To find the least sum of square errors, we use Excel's Solver. This should be a choice under the Tools menu, but the first time it is used it has to be installed by choosing Add-ins from the Tools menu. Highlight the cell with the sum of square errors, then click on Solver under the Tools menu. A window will pop up with the Target Cell being the one you just selected. You will need to check that you want to minimize this Target Cell, then click in the window for By Changing Cells and highlighting the cells G1:G3, which contain our model parameters. Finally, click on the Solve button, and Excel will automatically adjust your model parameters to minimize the sum of the squares of the errors. You should see the sum of square errors drop and the values for P0, M, and r change. This gives you your best model through the data.

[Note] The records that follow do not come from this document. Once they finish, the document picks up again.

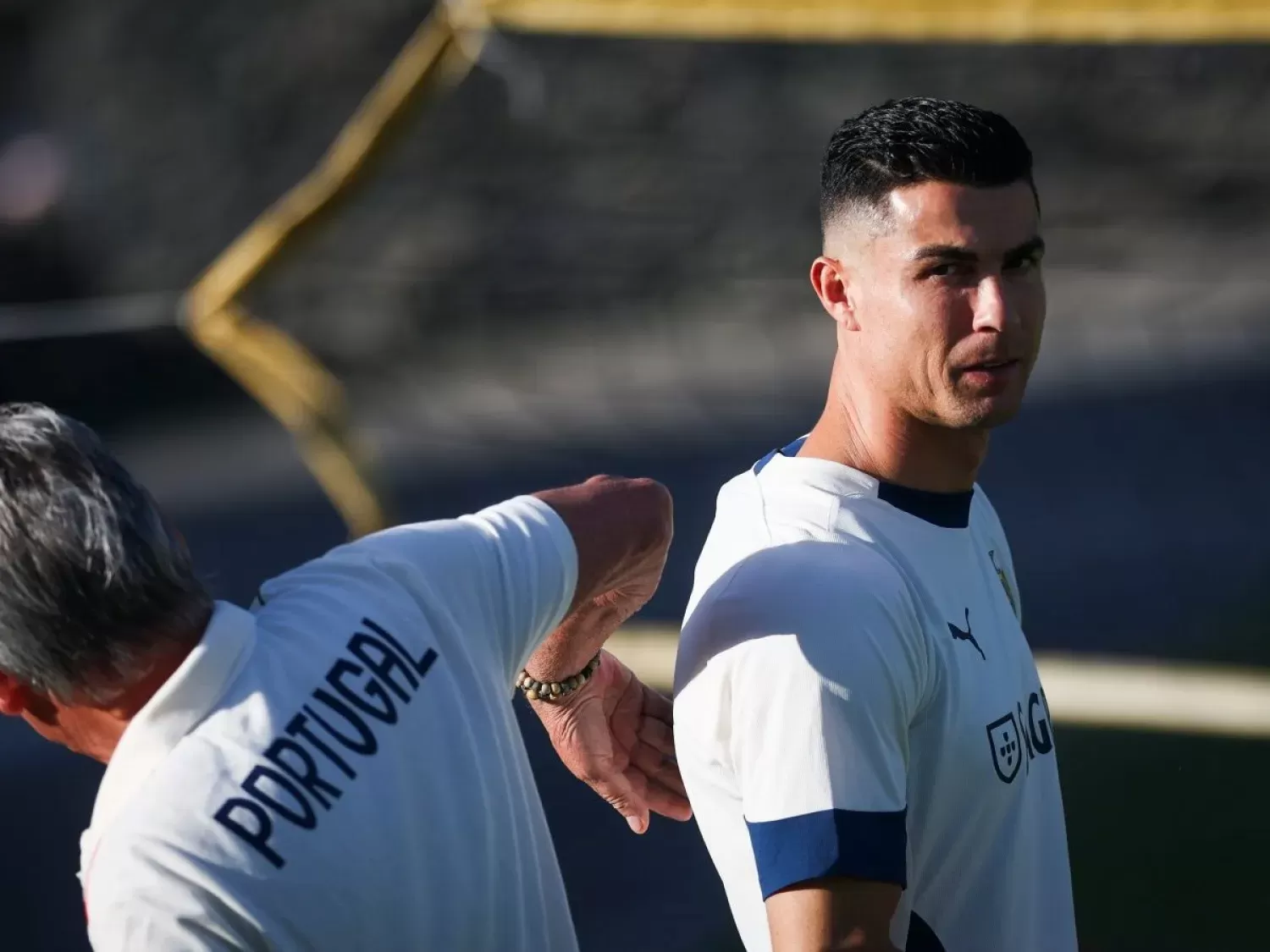 رونالدو: سعيد في السعودية.. والطبيعة في ساحل البحر الأحمر مدهشة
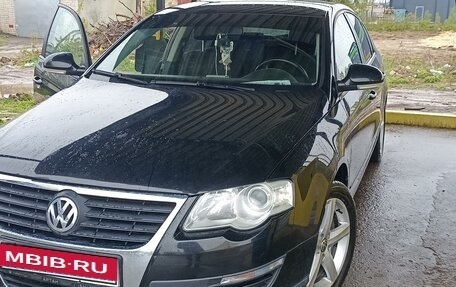 Volkswagen Passat B6, 2008 год, 630 000 рублей, 6 фотография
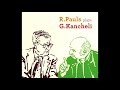 Raimonds Pauls Plays Giya Kancheli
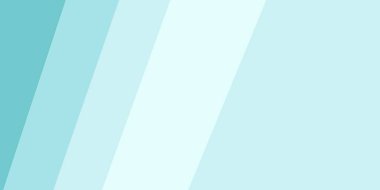 Çizgilerle soyut sanat vektörü mavi ton arkaplanı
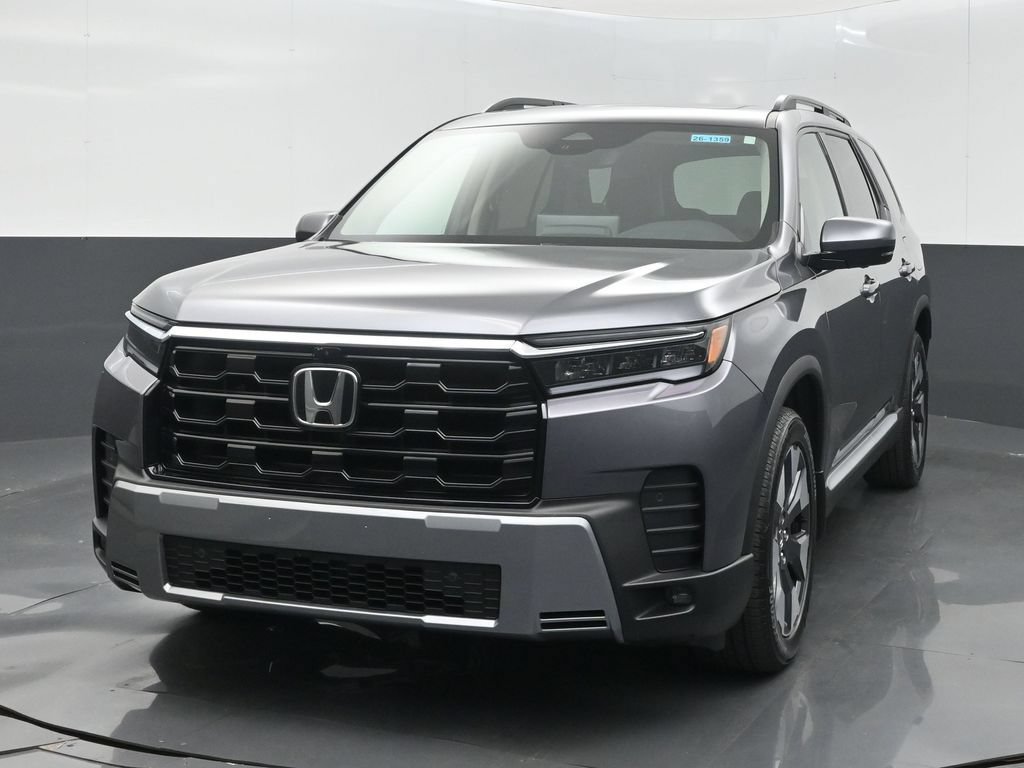 New 2026 Honda Pilot Elite image 2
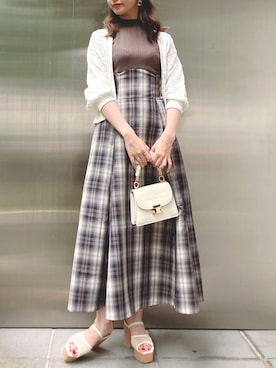 marinさん(レディース・164cm)の夏コーディネート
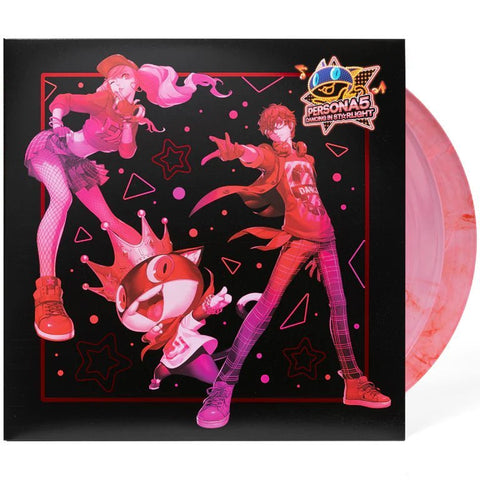 Persona 5: Dancing in Starlight - Original Video Game Soundtrack 2xLP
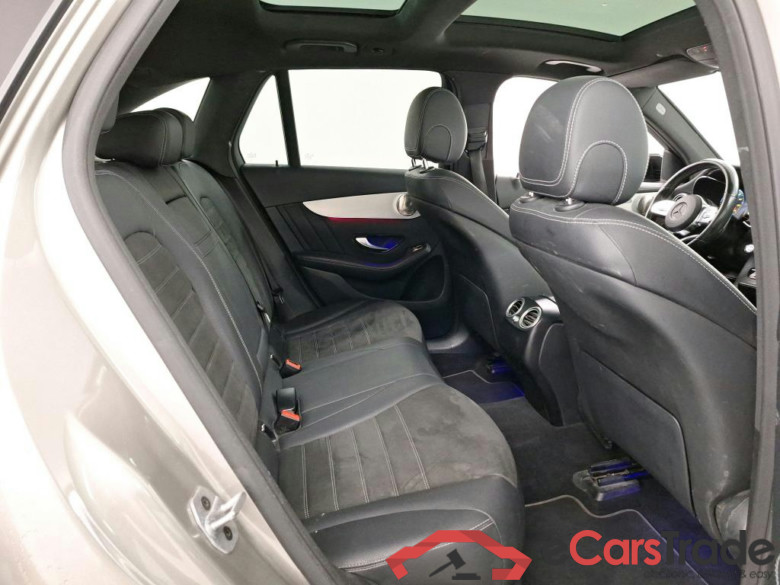 MERCEDES-BENZ CLASS GLC DIESEL (X253) - 2019 GLC 200 d Business Solution #6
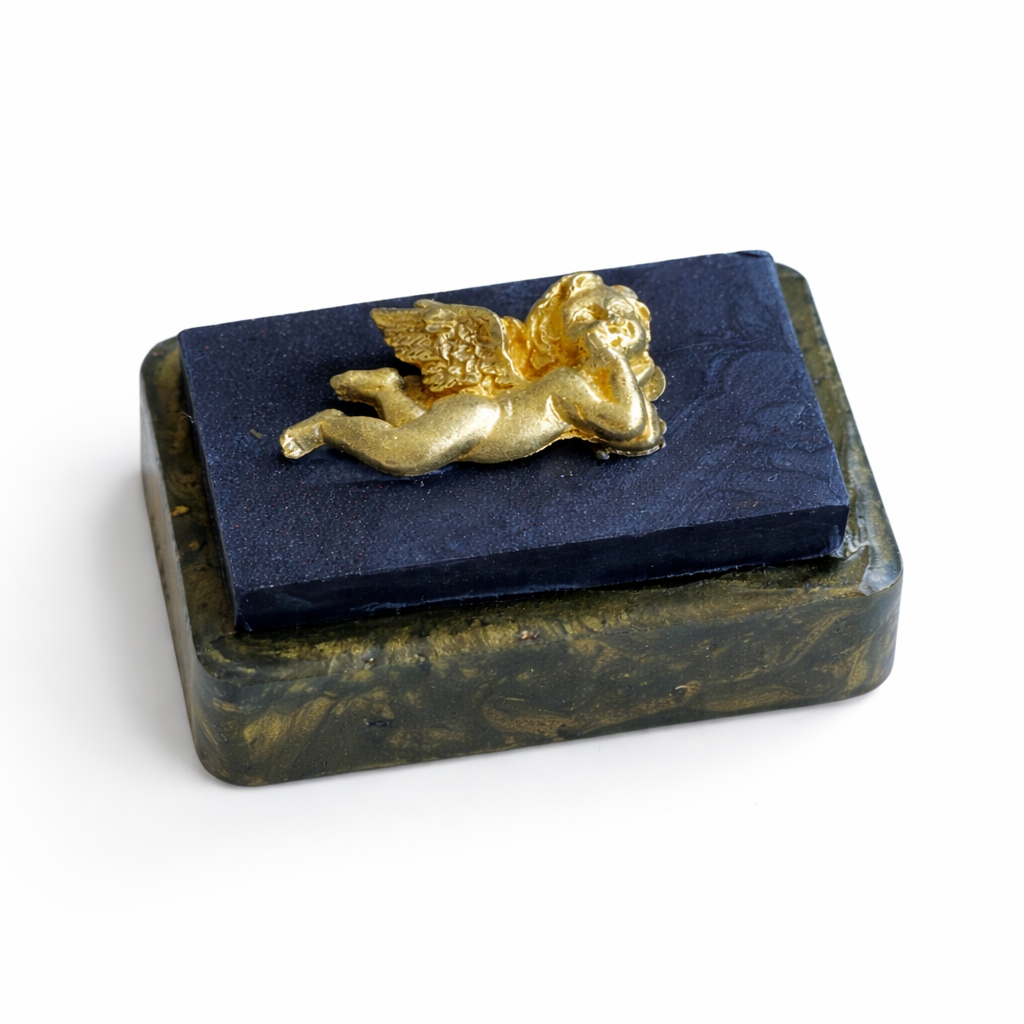 Noir Opium Petite Soap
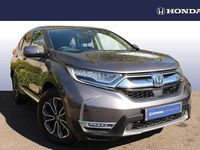 Used Honda CR-V Hybrid 180 HP (132 kW) 2022 Grey SUV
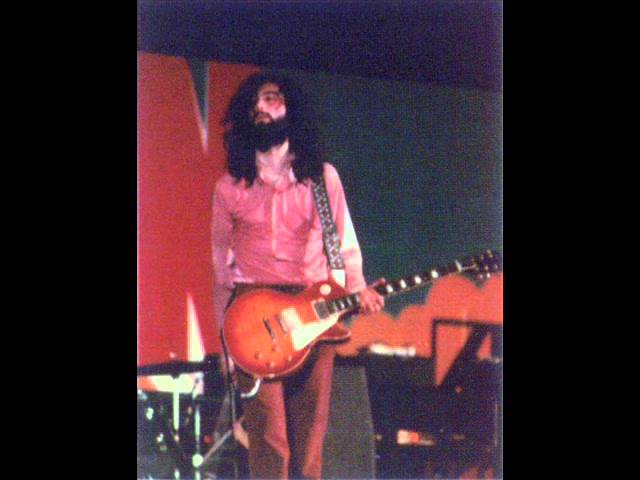 Tangerine - Led Zeppelin (live Tokyo 1971-09-24) - YouTube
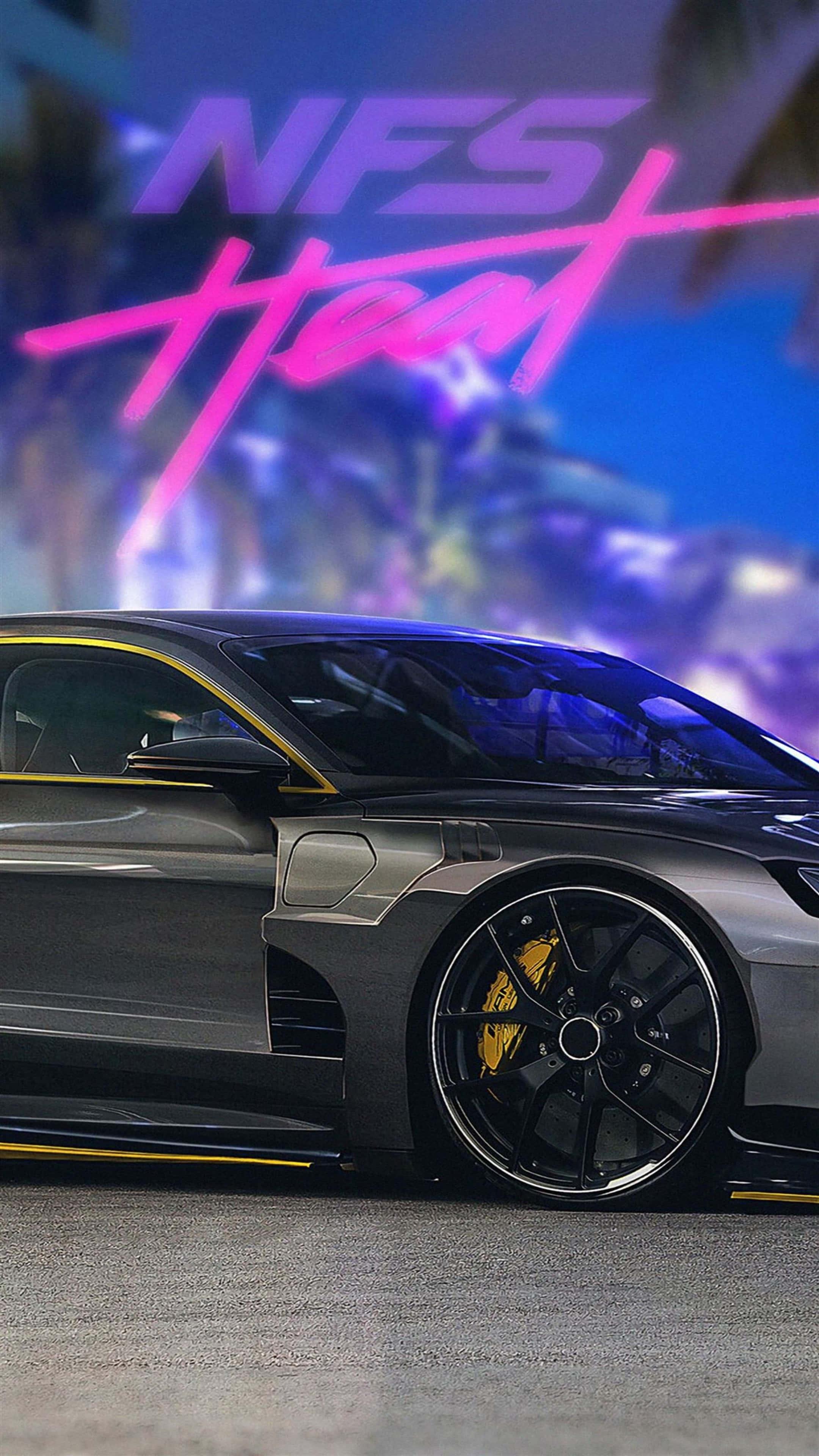 Stunning 4K Car Racing Through Scenic Roadways — 2160x3840 wallpaper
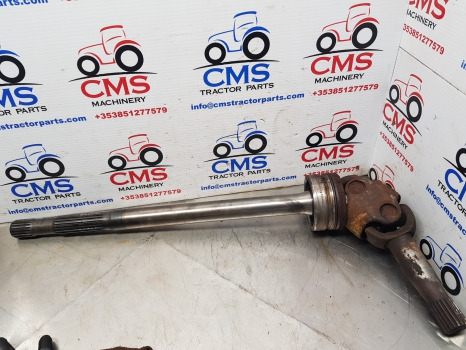Caterpillar Th62 Manitou Clark Hurth Front Axle Rear Axle Drive Shaft 127-0454 - Передня вісь: фото 1 Caterpillar Th62 Manitou Clark Hurth Front Axle Rear Axle Drive Shaft 127-0454 - Передня вісь: фото 1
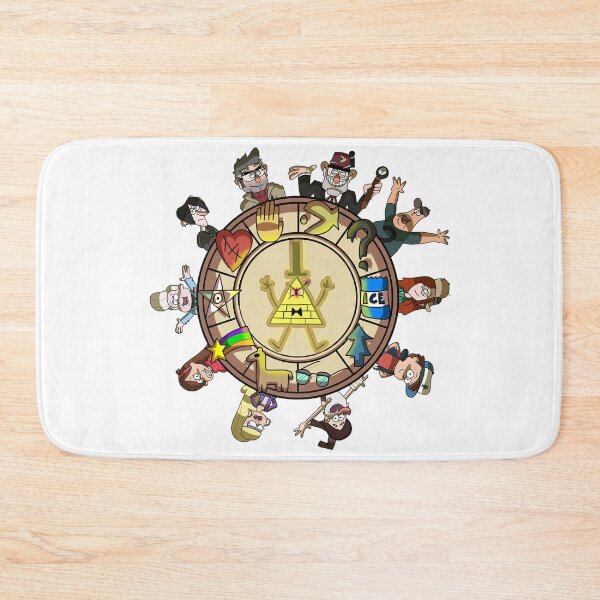 Item preview, Falls Circle designed and sold by ArtHouse55.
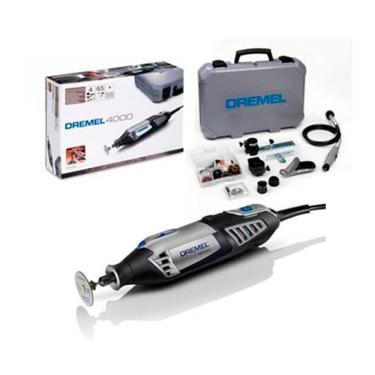 Imagem de Dremel 4000 Acessórios 36 Peças+3 Acoplamentos Maquifer
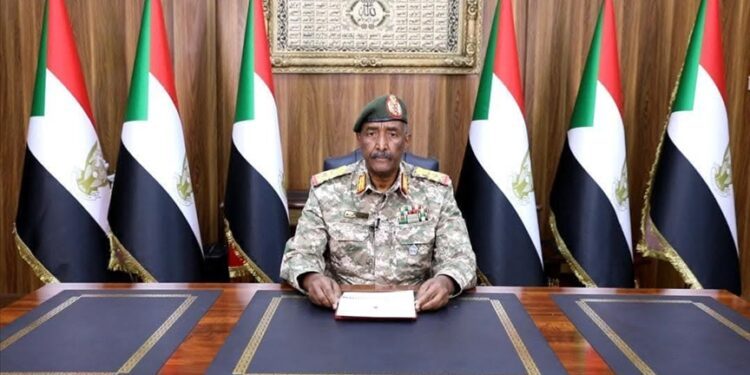 No full victory without defeating final rebel holdouts: Sudan’s Burhan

The last step for Part a is to graph the model. In Column I, you put time, t, for the model (starting with t = 0), while Column J will have the equation for the model using the parameters in G1:G3 and the time from Column I. You increment the time to make sure that your graph has about 30-60 data points evenly spaced. (For example, if your data goes to 35 hours, then you might increment by one hour, so if I2 has t = 0, then take I3 to have = I2+1.) Fill down in Column J, then add this model to your graph.

Parts b and c follow from the techniques you have learned in class and Lab. You may want to use Maple to help with the differentiation. Make your plots using Excel.